Will it crystallise?

Predicting crystallinity of molecular materials

Click here for the full article in the journal CrystEngComm 

Click here for the article in Chemistry World

Authors: Jerome G. P. Wicker and Richard I. Cooper

Why is this study important?

In this study the authors show how an algorithm can be trained using a large quantity of existing data to predict whether a molecule is likely to form crystals.

Figure 1

Figure 1: Prediction of crystallisation likelihood from the information in a 2D molecular diagram.

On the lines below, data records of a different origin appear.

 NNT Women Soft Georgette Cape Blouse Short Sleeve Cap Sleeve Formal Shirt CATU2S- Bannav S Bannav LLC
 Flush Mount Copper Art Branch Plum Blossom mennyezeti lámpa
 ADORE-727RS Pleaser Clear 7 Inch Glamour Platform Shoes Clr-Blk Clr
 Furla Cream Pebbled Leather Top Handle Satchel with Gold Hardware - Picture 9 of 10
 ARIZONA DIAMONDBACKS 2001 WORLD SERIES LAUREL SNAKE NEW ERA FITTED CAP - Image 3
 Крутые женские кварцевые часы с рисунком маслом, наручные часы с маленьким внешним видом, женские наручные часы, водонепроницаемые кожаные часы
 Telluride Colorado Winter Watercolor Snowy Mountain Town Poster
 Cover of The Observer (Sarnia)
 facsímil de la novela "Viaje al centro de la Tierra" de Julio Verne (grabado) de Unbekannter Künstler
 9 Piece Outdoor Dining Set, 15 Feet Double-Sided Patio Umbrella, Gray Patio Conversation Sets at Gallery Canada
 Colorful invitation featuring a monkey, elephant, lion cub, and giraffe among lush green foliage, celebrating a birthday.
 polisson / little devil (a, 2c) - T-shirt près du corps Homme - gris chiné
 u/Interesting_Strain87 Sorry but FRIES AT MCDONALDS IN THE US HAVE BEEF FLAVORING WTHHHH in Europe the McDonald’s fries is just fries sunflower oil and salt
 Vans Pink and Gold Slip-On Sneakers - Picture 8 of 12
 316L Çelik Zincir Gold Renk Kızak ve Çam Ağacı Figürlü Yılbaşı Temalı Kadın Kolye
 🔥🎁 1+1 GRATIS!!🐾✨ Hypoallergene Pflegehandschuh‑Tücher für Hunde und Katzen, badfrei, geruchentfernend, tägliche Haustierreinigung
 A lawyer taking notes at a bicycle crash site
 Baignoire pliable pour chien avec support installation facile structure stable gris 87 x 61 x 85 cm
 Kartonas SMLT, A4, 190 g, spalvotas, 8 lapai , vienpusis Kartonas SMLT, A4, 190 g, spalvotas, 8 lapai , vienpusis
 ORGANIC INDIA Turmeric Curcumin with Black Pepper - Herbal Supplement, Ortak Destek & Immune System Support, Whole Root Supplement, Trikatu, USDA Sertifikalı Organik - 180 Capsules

Getting molecules to crystallise can be an essential step in both research and industrial processes. Therefore predicting in advance whether crystals are likely to form can help to guide experiments in many situations. Examples include:

  1. Single crystals of a material can be used to confirm or understand its three-dimensional atomic structure and connectivity by X-ray diffraction. Knowledge of whether a material is likely to crystallise can help to prioritise recrystallisation experiments and can be used to predict chemical modifications to increase the chances of crystals growing.
  2. Unpredictable spontaneous crystallisation of molecules during a chemical production process could result in loss of product or clogging of equipment. Predicting which chemical changes to a molecule would reduce the likelihood of spontaneous crystallisation could help to address these problems.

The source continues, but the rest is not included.